▸ Task item
From the listing that follows, reproduce only the lines from the one holding "(Photo by Alfie Cosgrove/News Images)" through the one holding "324 Washington Street Middletown CT 06457", both included, with no pictures.

▸ Task material
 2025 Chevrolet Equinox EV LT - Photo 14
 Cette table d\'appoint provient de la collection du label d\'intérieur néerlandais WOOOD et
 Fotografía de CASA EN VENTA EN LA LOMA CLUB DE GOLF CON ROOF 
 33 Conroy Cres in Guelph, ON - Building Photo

==

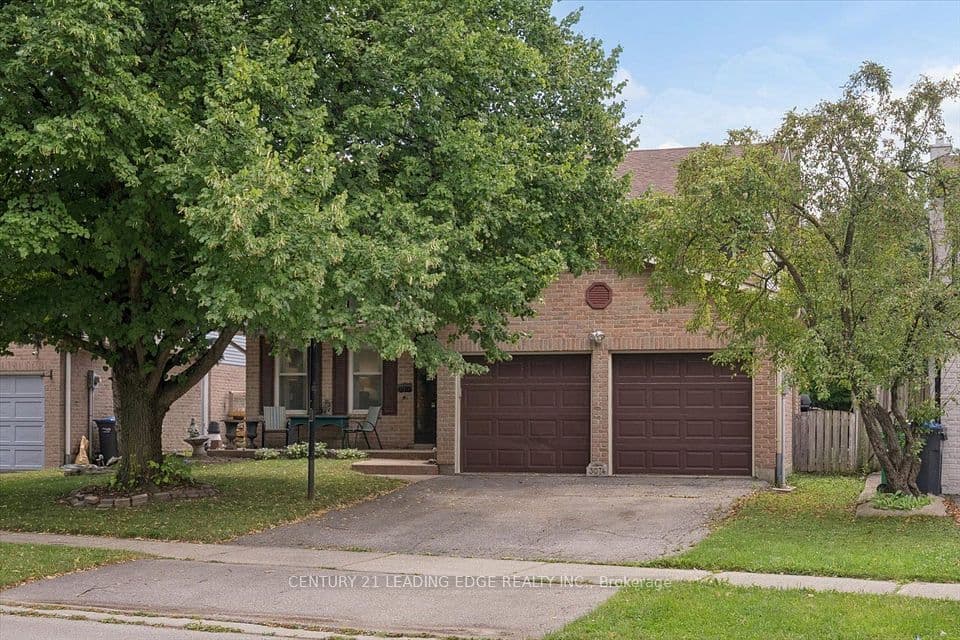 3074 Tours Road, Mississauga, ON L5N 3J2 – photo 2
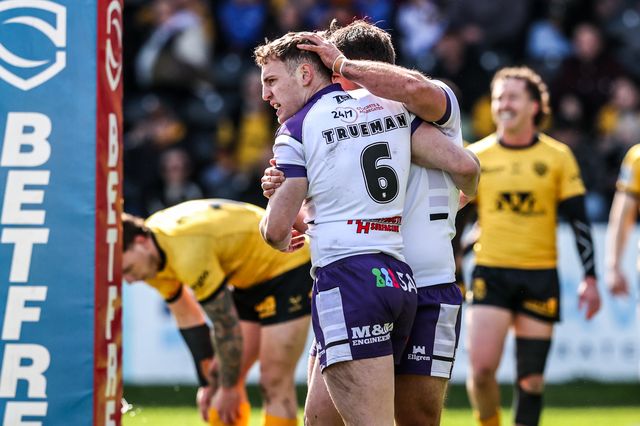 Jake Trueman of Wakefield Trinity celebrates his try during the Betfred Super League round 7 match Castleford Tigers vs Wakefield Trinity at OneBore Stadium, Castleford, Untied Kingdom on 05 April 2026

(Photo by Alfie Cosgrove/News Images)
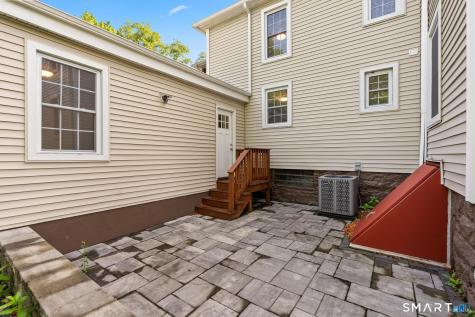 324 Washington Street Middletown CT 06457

...

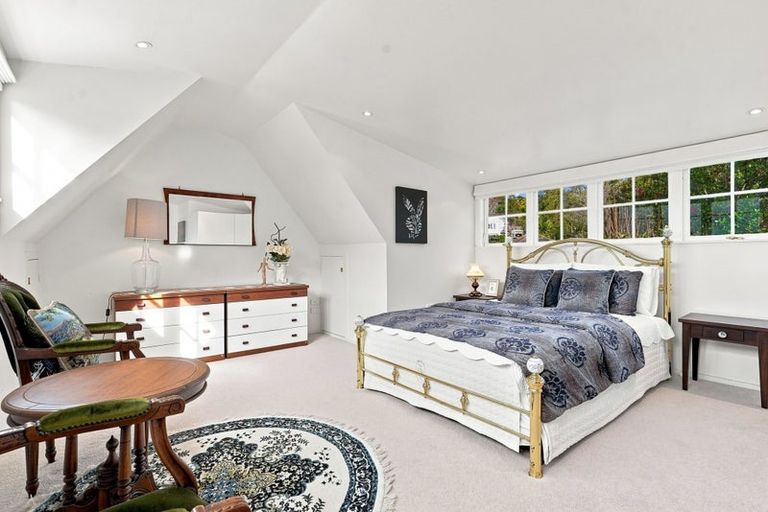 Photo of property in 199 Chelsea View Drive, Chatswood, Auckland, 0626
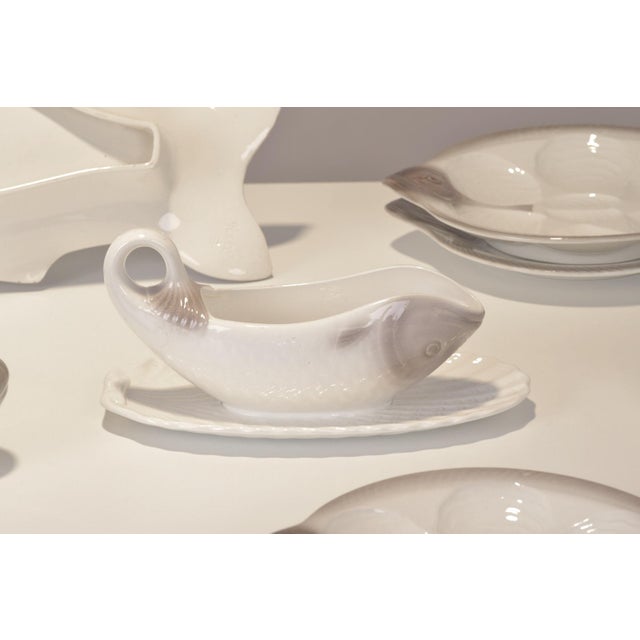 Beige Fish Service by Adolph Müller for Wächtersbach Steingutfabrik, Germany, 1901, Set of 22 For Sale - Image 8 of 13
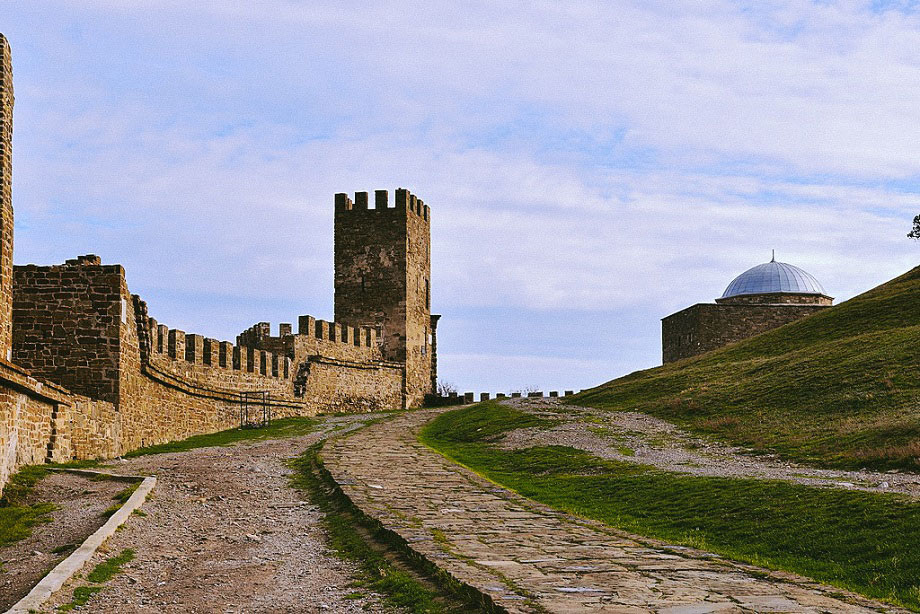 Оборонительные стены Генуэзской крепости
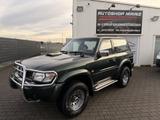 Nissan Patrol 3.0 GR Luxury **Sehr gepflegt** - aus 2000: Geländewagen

▸ Response
(Photo by Alfie Cosgrove/News Images)
 324 Washington Street Middletown CT 06457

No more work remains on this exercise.